The setup can be configured in the 'das-common-properties' file as follows:

#proxy settings for outgoing connection from Datameer X web application
das.network.proxy.type=[SOCKS|HTTP]
das.network.proxy.host=<host ip>
das.network.proxy.port=<port>
das.network.proxy.username=<username>
das.network.proxy.password=<password>
das.network.proxy.blacklist=<url pattern with '|' separated>

#proxy settings for outgoing connection from cluster -> triggered by datameer job to fetch data from web services over the protocols http, https
das.clusterjob.network.proxy.type=[SOCKS|HTTP]
das.clusterjob.network.proxy.host=<host ip>
das.clusterjob.network.proxy.port=<port>
das.clusterjob.network.proxy.username=<username>
das.clusterjob.network.proxy.password=<password>
das.clusterjob.network.proxy.blacklist=<url pattern with '|' separated>
 
#automatically find and add all data nodes in the cluster to the blacklist
das.clusterjob.network.proxy.blacklist.datanodes.autosetup=true

#proxy settings for outgoing connection from cluster -> triggered by datameer job to fetch data from web services over the protocol ftp
das.clusterjob.network.proxy.ftp.type=[HTTP]
das.clusterjob.network.proxy.ftp.host=<host ip>
das.clusterjob.network.proxy.ftp.port=<port>
das.clusterjob.network.proxy.ftp.username=<username>
das.clusterjob.network.proxy.ftp.password=<password>

#proxy settings for outgoing connection from cluster -> triggered by datameer job to fetch data from web services over the protocol sftp
das.clusterjob.network.proxy.sftp.type=[HTTP]
das.clusterjob.network.proxy.sftp.host=<host ip>
das.clusterjob.network.proxy.sftp.port=<port>
das.clusterjob.network.proxy.sftp.username=<username>
das.clusterjob.network.proxy.sftp.password=<password>
#proxy setting for Datameer X web application.

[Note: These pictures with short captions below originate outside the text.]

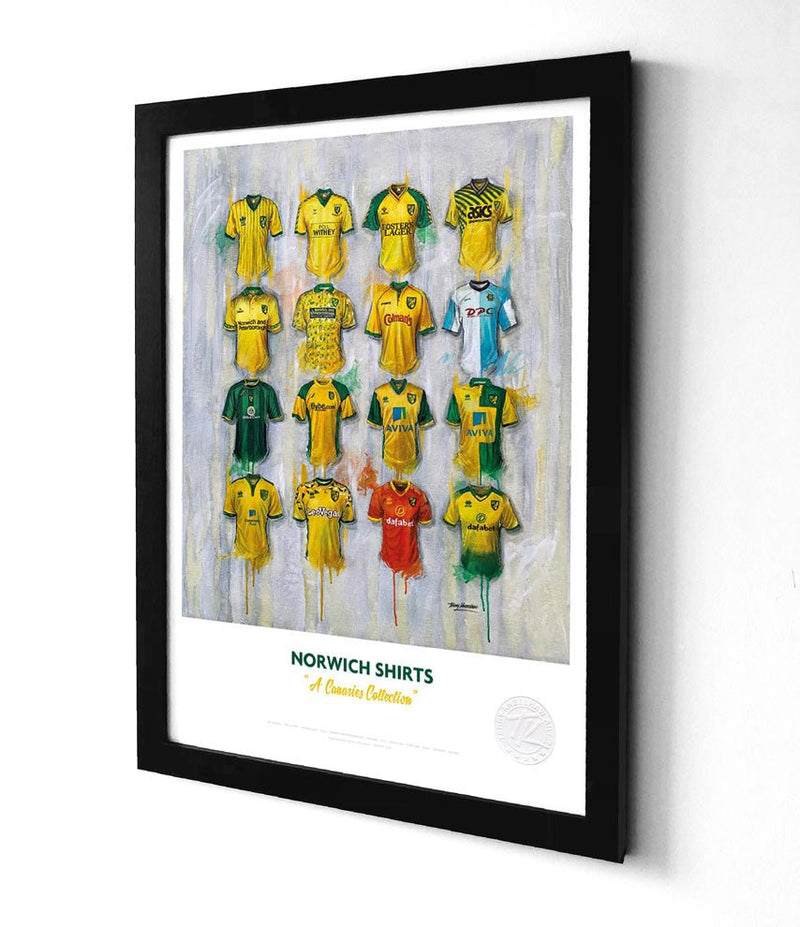 Norwich City FC Shirts A3 collectible from Terry Kneeshaw Art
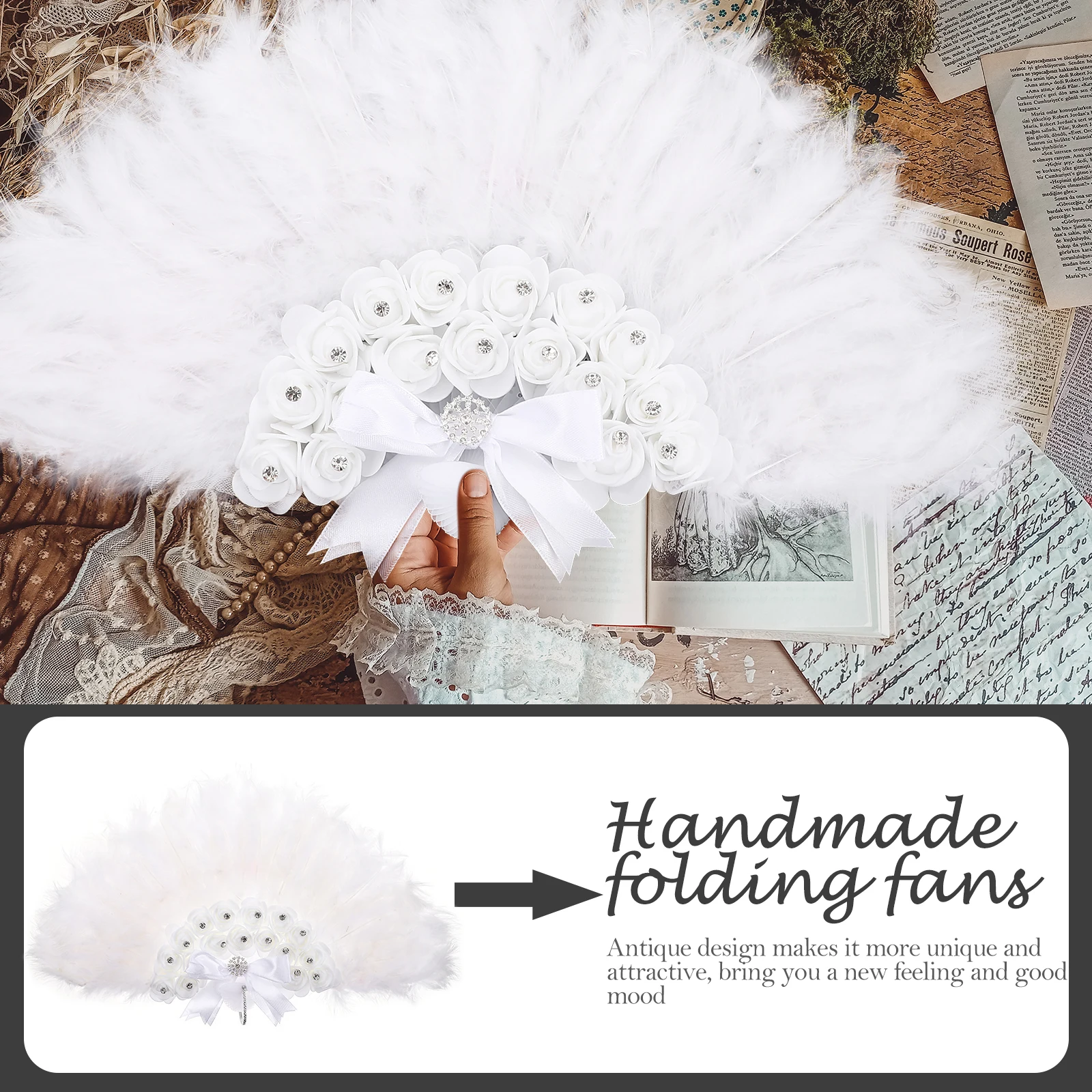 

Unique Plume Flower Folding Fans Creative Handmade Fans Elegant Wall Decorations Performance Stage Accessories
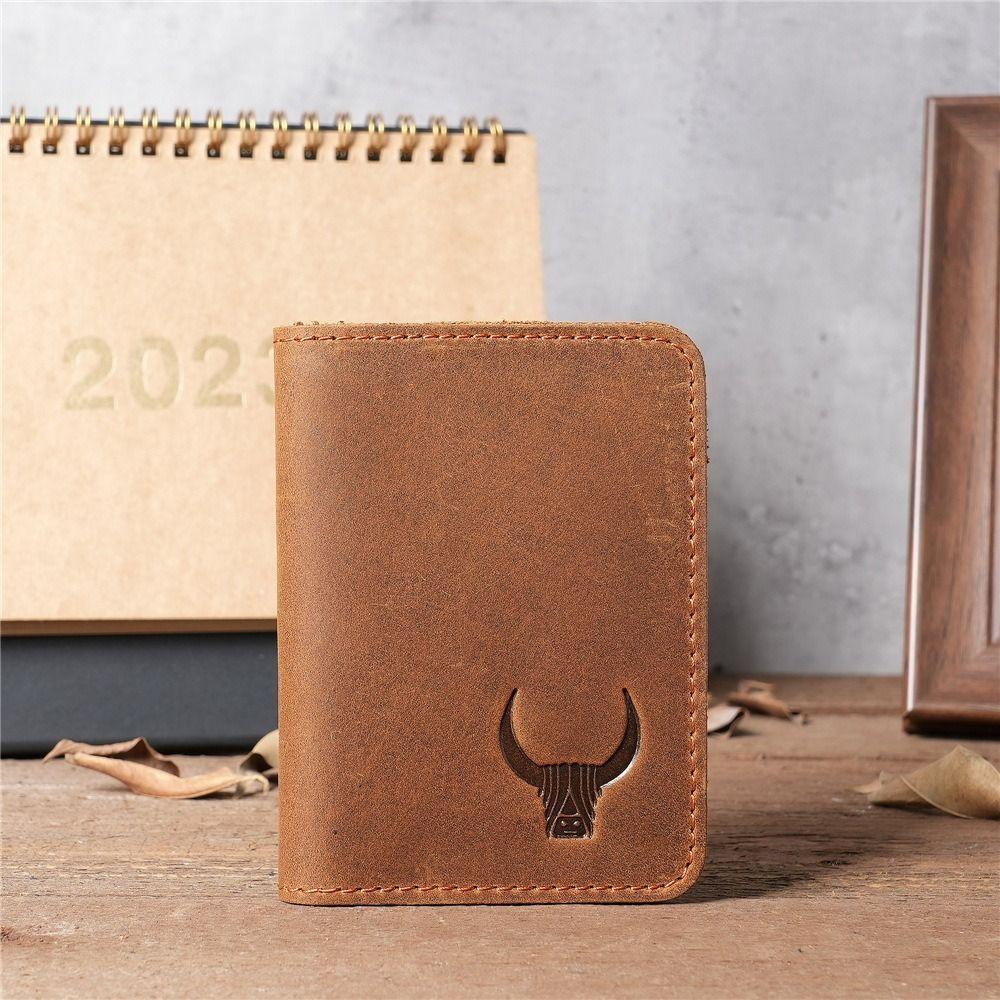 Vintage Genuine Leather Men's Card Holder Minimalist Small Wallet Brown Thin Purse Credit Card ID Card
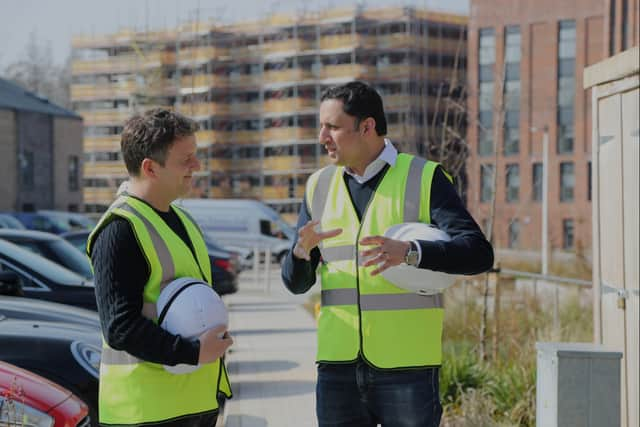 Graham McNeil, Cala Homes west land director, with Scottish Labour leader Anas Sarwar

The configuration impacting traffic of S3, S3 Native, Snowflake and Redshift connectors.
das.network.proxy.s3.protocol=[HTTP]
das.network.proxy.s3.host=<host ip>
das.network.proxy.s3.port=<port>
das.network.proxy.s3.username=<username>
das.network.proxy.s3.password=<password>

#proxy settings for outgoing connection from cluster -> triggered by Datameer X job to fetch data from web services over the protocol s3. 
# This is impacting the traffic S3, S3 native, Snowflake and Redshift 
das.clusterjob.network.proxy.s3.type=[HTTP]
das.clusterjob.network.proxy.s3.host=<host ip>
das.clusterjob.network.proxy.s3.port=<port>
das.clusterjob.network.proxy.s3.username=<username>
das.clusterjob.network.proxy.s3.password=<password>


#proxy settings to connect a SFTP server hidden by the proxy
das.network.proxy.sftp.type=[HTTP]
das.network.proxy.sftp.host=<host ip>
das.network.proxy.sftp.port=<port>
das.network.proxy.sftp.username=<username>
das.network.proxy.sftp.password=<password>

#proxy setting for Datameer X web application. The configuration is impacting the traffic of the Azure Blob Storage connector.
das.network.proxy.azure.blob.host=<host ip>
das.network.proxy.azure.blob.port=<port>
das.network.proxy.azure.blob.username=<username>
das.network.proxy.azure.blob.password=<password>

#proxy settings for outgoing connection from cluster -> triggered by Datameer X job to fetch data from web services over the protocol wasb/wasbs. 
# This is impacting the traffic Azure Blob Storage  
das.clusterjob.network.proxy.azure.blob.host=<host ip>
das.clusterjob.network.proxy.azure.blob.port=<port>

HDFS Transparent Encryption

In case you use HDFS Transparent encryption in the environment on which this Datameer X instance is installed, please ensure that you have added KMS server hostnames to the proxy blacklist for the Datameer X application server and cluster jobs.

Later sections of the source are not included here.